Tuesday, October 1, 2013

Rivera at the Cortés Palace

Eighty-four years ago today artist Diego Rivera was polishing both a speech and a pistol.  He was making sure everything was ready for the Communist party meeting two days later where he would expel a prominent party member.  It was all part of the theatrics that Rivera loved.

Writer Hayden Herrera describes the events at that Thursday, October 3rd meeting -- yes, 1929’s calendar was the same as this year’s.  “Diego arrived, sat down, and took out a large pistol, and put it on the table.  He then put a handkerchief over the pistol and said: ‘I Diego Rivera, secretary general of the Mexican Communist party, accuse the painter Diego Rivera of collaborating with the petit-bourgeois government of Mexico and of having accepted a commission to paint the stairway of the National Palace of Mexico.  This contradicts the politics of the Comintern and therefore the painter Diego Rivera should be expelled from the Communist party by the secretary general of the Communist party, Diego Rivera.’”  Having proclaimed himself expelled he stood up, removed the handkerchief, picked up the pistol and . . . smashed it!  It was made of clay.

Recalcitrant Diego Rivera went even further.  In December of that same year he accepted the commission to paint the walls of the Cortez Palace terrace with the history of Cuernavaca from the conquest to the Revolution of 1910.  It was a gift of Dwight Morrow and his wife Elizabeth to the city they enjoyed so much while he was U.S. ambassador to Mexico.   Planning to be away for most of the following year the Morrows even lent the Riveras their weekend home in Cuernavaca.

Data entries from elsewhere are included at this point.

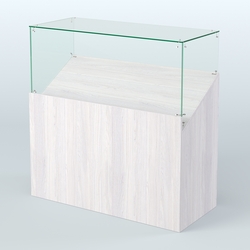 Прилавок для хлебной лавки ХЛ-ПР-02, Ясень Анкор светлый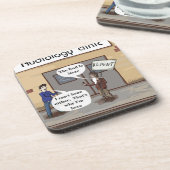 Abkehr für das Audiologe Office Funny Untersetzer (Linke Seite)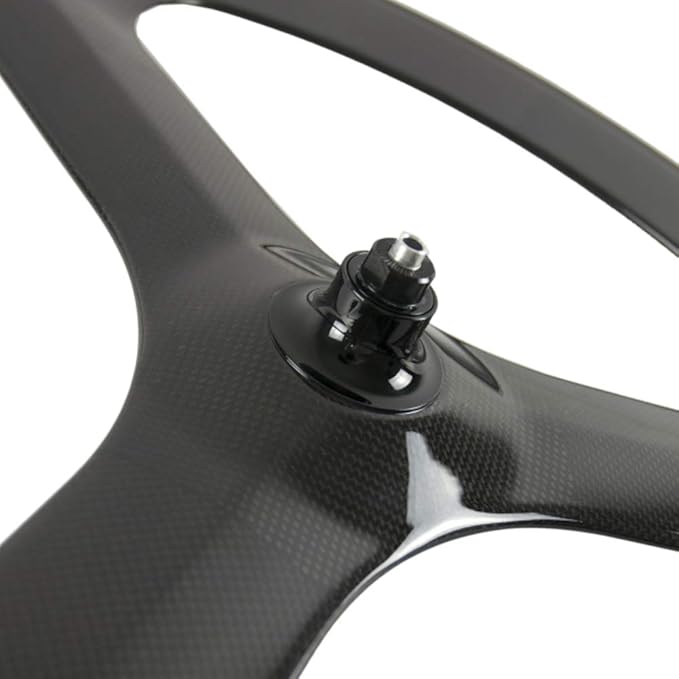 Superteam 70mm Road Bike 3 Spoke Wheelset Tri-Spoke Wheel Clincher 700c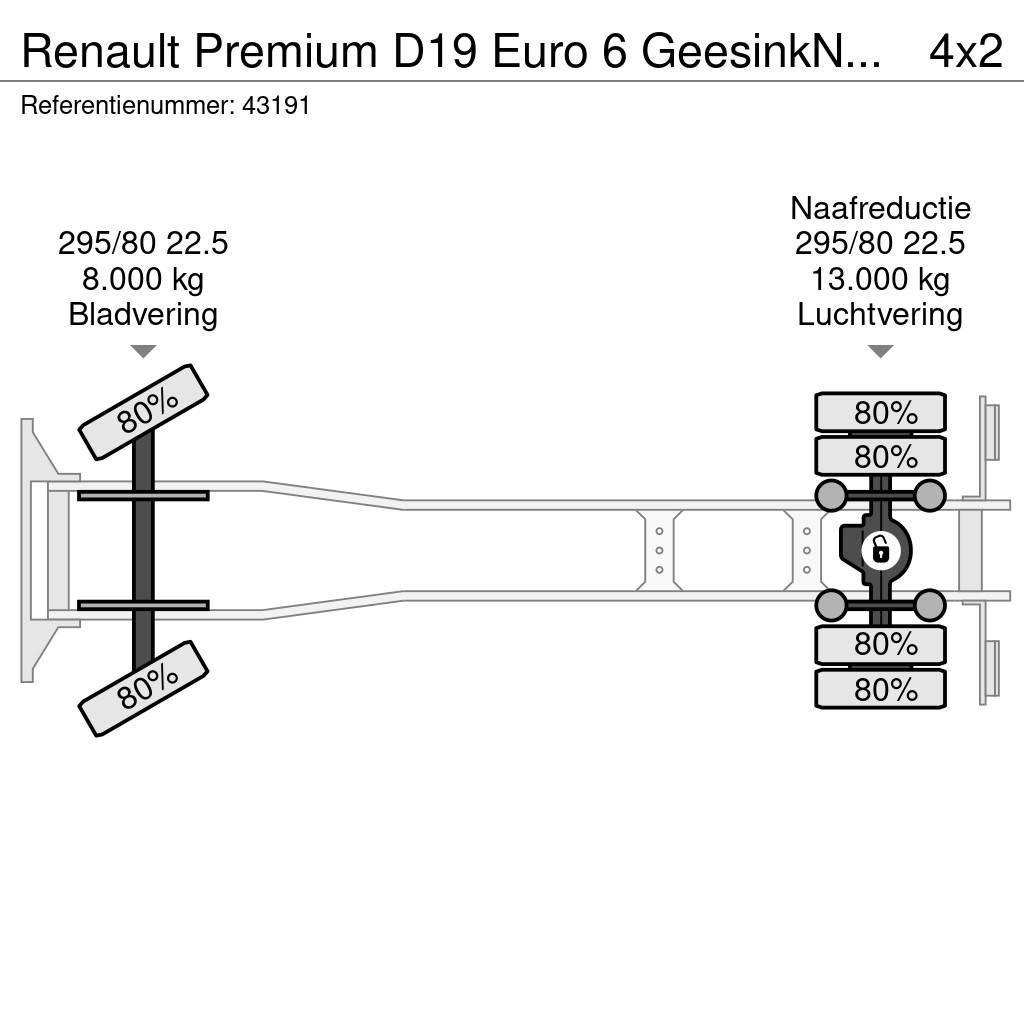 Renault Premium D19 Euro 6 GeesinkNorba MF 300, 16m³ Šiukšliavežės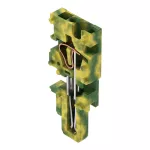Moduł wewnętrzny 1-przewodowe gniazdo CAGE CLAMP®, żółto-zielony
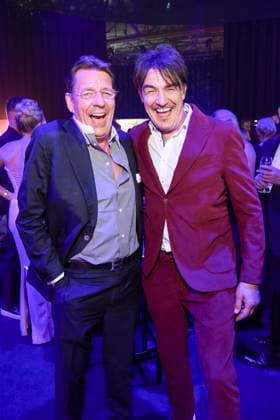 abb Peter Wolf and Matze Knop as guests at the after-show party at the Goldene Henne 2025 awards ceremony at Messe Leipzig on 12 09 2025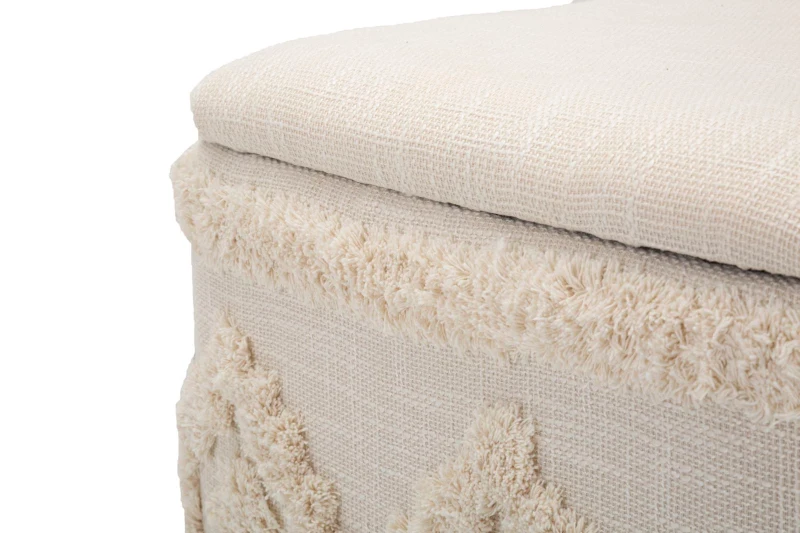 Mauro Ferretti Puff Contenitor Patrat Damasco cm 40X40X40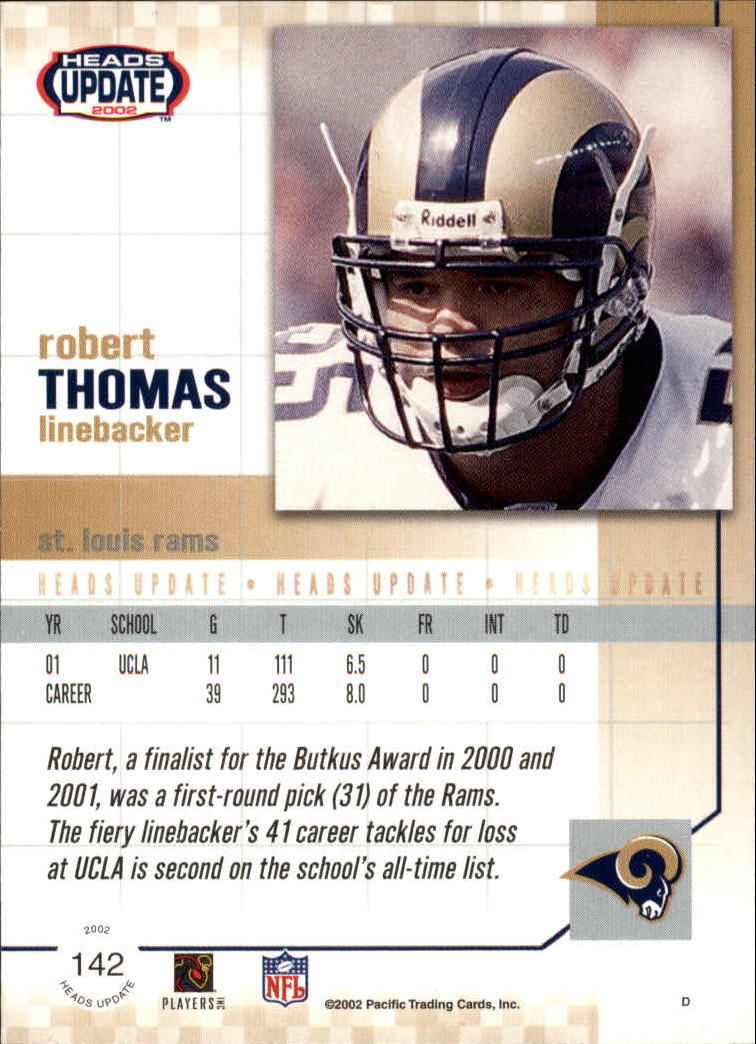 B1884- 2002 Pacific Heads Update FB Asst Cards -You Pick- 15+ FREE US SHIP - Picture 303 of 369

In the National Palace in Mexico City Rivera painted the leaders of the Mexican Independence movement in a crowd. But the Cortez Palace in Cuernavaca was the headquarters of all three branches of the government of the state of Morelos. There was no way around it--he had to paint a prominent portrait of independence fighter José María Morelos.

There are statues of José María Morelos all over Mexico.  He is easy to identify, Morelos always wore a bandana tied over his head.  He had bandanas for every occasion – silk bandanas, embroidered bandanas, simple cloth bandanas.  Like ten percent of the population at the time, Morelos was Afro-Mexican.  It seems he wore the bandana to cover his Afro-textured hair.

Most artists are reluctant to depict Morelos accurately. We come across his portrait every day on the fifty-peso bill, but we’d be hard-pressed to think the person portrayed on that bill had any African ancestry.

When it came to painting Morelos into his mural, Rivera resorted to more theatrics.  Before applying color to the portrait of Morelos he invited the governor, his cabinet, and the press to view the mural and listen to the artist himself describe the scenes.

On the scheduled day Diego described the portion of the mural he had painted so far and what the rest, which was only outlined, would contain.  Then, pointing to a pillar in the center of the long wall, he said, “I’ve reserved this important spot for a portrait of José María Morelos, a man of universal stature!”  Rivera’s well-rehearsed friends started to applaud. The governor joined in.  Before the applause died down Rivera bellowed “His face could be anyone’s!”  His friends cheered and stood up.  The governor did too.  Rivera wrapped up his talk and sent his audience home.  He had gotten what he wanted from them.  If Morelos’ face could be anyone’s, why not have it be that of the artist himself?  And if a self-portrait of the artist, then it should be the artist’s skin color.  It was only Morelos’s hands that were accurately painted.

The rest of the year-long project transpired smoothly until close to the end.  While Diego painted his wife Frida Kahlo was a daily visitor.  She was always generous with praise of content and historical accuracy.  That was except in the very last scene he painted.  In it Emiliano Zapata dressed in white peasant’s clothing holds his white horse by the bridle.  Frida reportedly shrieked when she saw it.  “Diego, what are you doing?  Zapata had a black horse.  His horse was legendary.  There are songs and poems about Zapata and his black horse.” 

Rivera replied: “I like white better than black and, besides, a white horse will go better with his white pants and white shirt.” 

It became a heated argument that also involved the horse’s heavy legs. Diego came down from the scaffolding, tossed his palette down the hallway, and as he kicked over the scaffolding shouted, “Frida, you paint the horse!  But it must be white.”

The horse remained white, but Frida drew the horse’s legs the way she thought they should be.  Diego would later tell his friends, “I had to correct that white horse of Zapata’s according to Frida’s wishes.’”  Good that he did because it has become the best-known scene in the Cortez Palace series of murals.